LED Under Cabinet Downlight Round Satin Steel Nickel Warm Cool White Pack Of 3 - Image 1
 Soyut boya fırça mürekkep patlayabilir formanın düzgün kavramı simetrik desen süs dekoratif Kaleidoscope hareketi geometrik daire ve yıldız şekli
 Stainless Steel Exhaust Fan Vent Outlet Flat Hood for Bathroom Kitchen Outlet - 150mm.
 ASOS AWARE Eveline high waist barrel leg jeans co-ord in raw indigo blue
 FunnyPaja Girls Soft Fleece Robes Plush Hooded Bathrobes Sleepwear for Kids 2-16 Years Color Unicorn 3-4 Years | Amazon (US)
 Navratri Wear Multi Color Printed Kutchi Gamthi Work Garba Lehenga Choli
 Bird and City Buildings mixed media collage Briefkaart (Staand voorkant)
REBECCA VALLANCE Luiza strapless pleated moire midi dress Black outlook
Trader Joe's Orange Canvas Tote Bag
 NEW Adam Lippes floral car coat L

◆ Activity ◆
Which lines of the listing include the string "Color"? Pull them out.

◆ Task output ◆
 FunnyPaja Girls Soft Fleece Robes Plush Hooded Bathrobes Sleepwear for Kids 2-16 Years Color Unicorn 3-4 Years | Amazon (US)
 Navratri Wear Multi Color Printed Kutchi Gamthi Work Garba Lehenga Choli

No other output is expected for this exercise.